Выпили кофе с тостами, легли в тень на газоне. Ты вспомнила сласти, те, ришикешские, в лучшей кондитерской, куда нас водил свами с… Как его звали, ученика его, брахмачарью? Да, Рам. Похож на Иисуса, на брата его, младшего, если б он был у него, помягче, в мать. Сласти переполняли витрины, глаза разбегались, тысяча и одна, рукодельные, в серебре, золоте. Сладкоежки, отцы семейств, припавшие к стеклу. А витрины тянутся в глубь кондитерской – от простых недорогих сластей к шедеврам, симфониям. Свами переводил палец от одной сласти к другой, перечисляя состав. А Рам в белой долгополой ткани с широкими рукавами тихо улыбался в бороду, опустив голову, перебирая четки. Он сразу притягивал взгляд, но не ростом и красотой, а этим мягким незримым свеченьем, внутренним, необъяснимой женственностью, не физической, а где-то над драмой полов, там, где уже не нужен ни жест, ни голос. Он наклонился к тебе с улыбкой: больше одного рая не съешь ведь, да? Съела, за милую душу. И, как от солнечного удара, все поплыло в глазах.

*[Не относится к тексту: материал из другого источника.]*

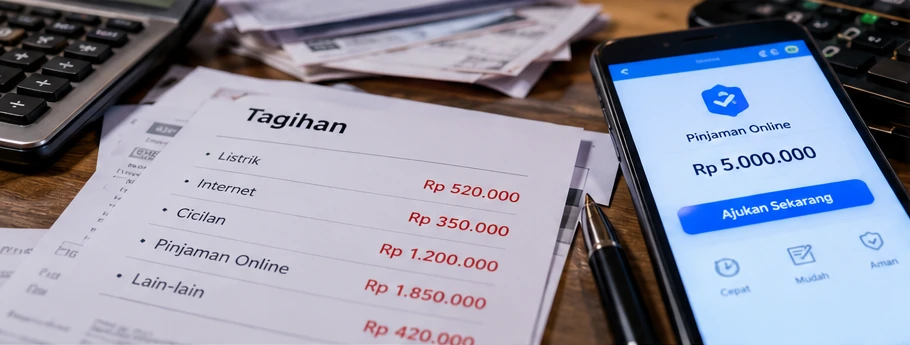 Indonesian household bills and a mobile digital loan application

А потом, в тот же день, мы поехали дом покупать. Чтобы жить навсегда. Это были уже третьи, что ли, смотрины за ту неделю. Рам впереди на своем мотороллере, а мы с Джаянтом на его новом, только что купленном опеле. И дорога, то есть эта козья тропа, петляет вверх по ущелью, теснясь меж домами, которые то и дело ее заступают. Рам машет, чтоб мы пропустили стадо ослов, навьюченных мешками с песком. Пастух подгоняет их палкой, сгрудились, тычутся в бампер, не разойтись. Потом и поселок кончился, Тапован назывался, «лес тапаси», когда-то был местом испытаний аскетов, дорога сузилась, становясь круче, втягиваясь в ущелье. Путь паломников к монастырю, который стоит в снегу, на вершине, слишком высоко, чтоб увидеть отсюда. Да, вон та точка, уже скрылась за облаком. Вот и участок – от ручья до горы, хорошее место, по законам Васту. Рам и Джаянт вернулись, а мы остались, чтоб оглядеться.

Солнце в этом зазоре стоит часа три-четыре, не больше. А в остальном – дивно: тишь, ручей, джунгли. Свами сказал, тигры наведываются, семья слонов тут поблизости зимовать осталась, слоненок не смог перейти гору. Вот эту, над участком. Давай поднимемся на нее, до того уступа с какими-то мексиканскими кактусами, посмотрим сверху. А себе свами присмотрел землю в полутора километрах выше по ущелью, дальше только тропа в завалах камней. Будем жить по соседству, на чай ходить под руку с обезьянами. Будем жить не тужить, по джунглям бродить, писать книги, спускаться к людям, и не ждать ни гостей, ни писем. Да, любушка, и ребенка родить, чтобы был счастлив.